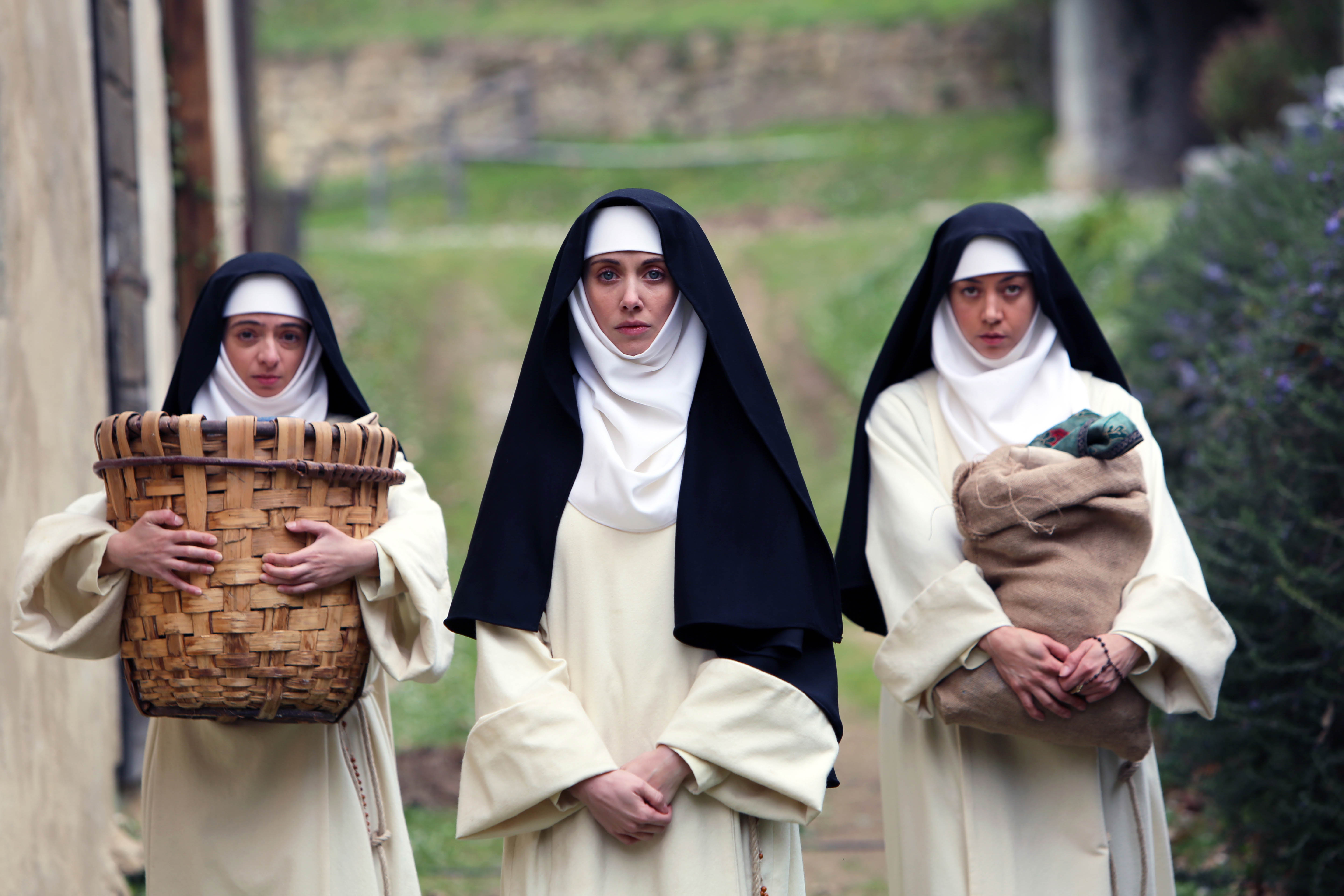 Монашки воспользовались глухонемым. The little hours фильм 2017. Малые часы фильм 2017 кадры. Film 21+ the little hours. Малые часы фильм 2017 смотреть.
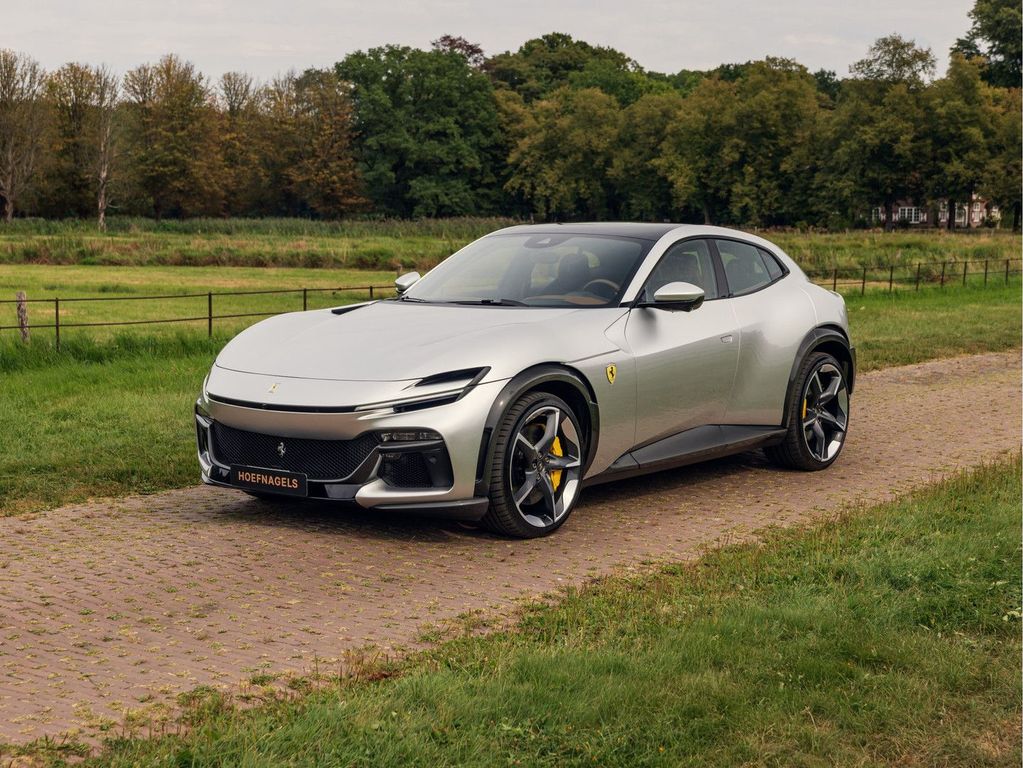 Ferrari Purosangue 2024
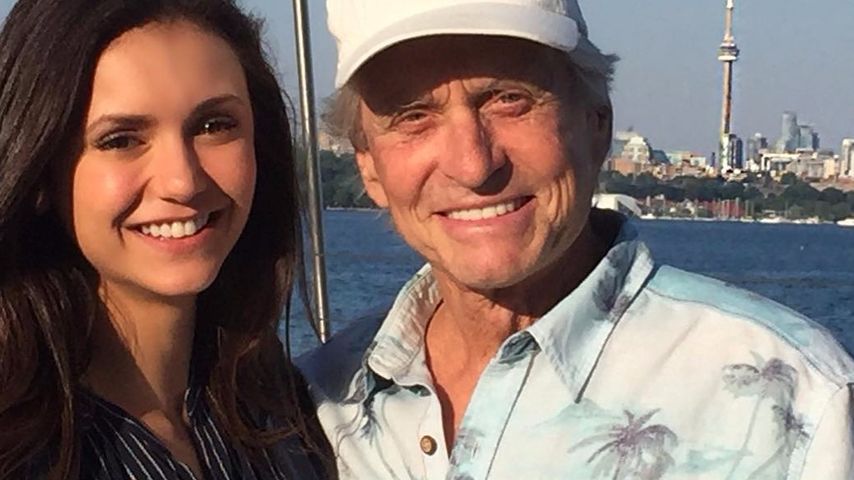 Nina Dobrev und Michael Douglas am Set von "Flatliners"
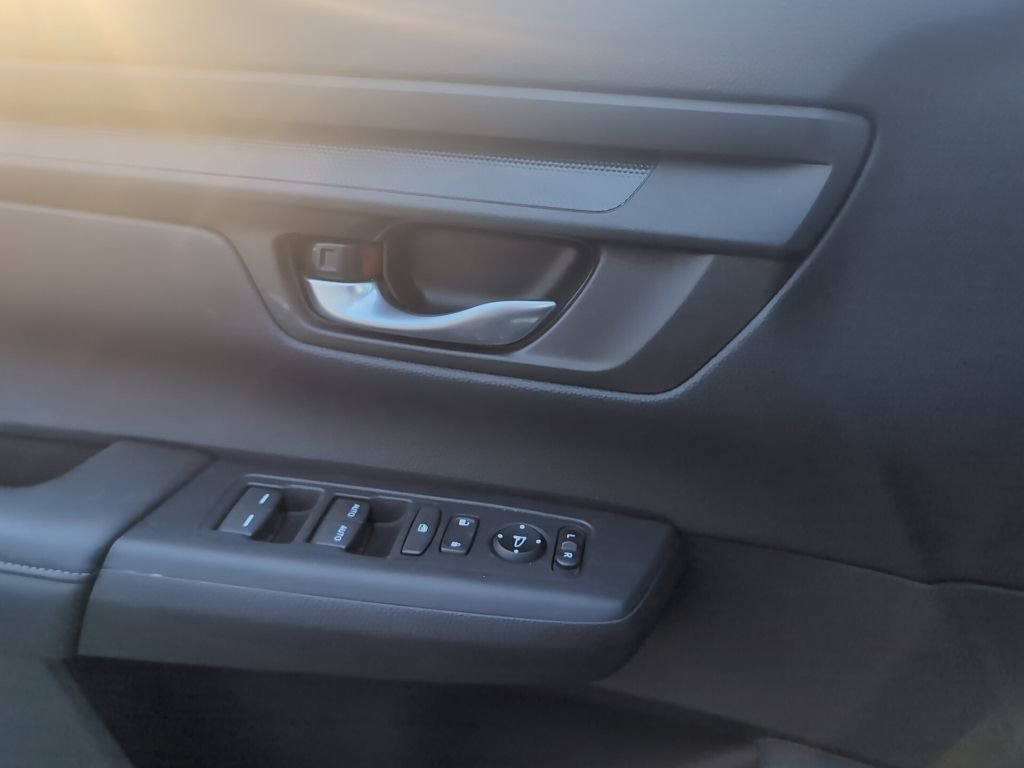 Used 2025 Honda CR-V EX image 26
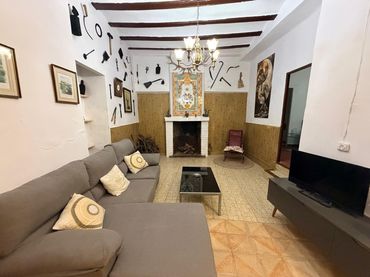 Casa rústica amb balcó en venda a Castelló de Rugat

The problem:
Only exact copies are wanted here. Write out the lines from the one containing "Nina Dobrev und" through the end of the material and no others, omitting all pictures.

The answer:
 Nina Dobrev und Michael Douglas am Set von "Flatliners"
 Used 2025 Honda CR-V EX image 26
 Casa rústica amb balcó en venda a Castelló de Rugat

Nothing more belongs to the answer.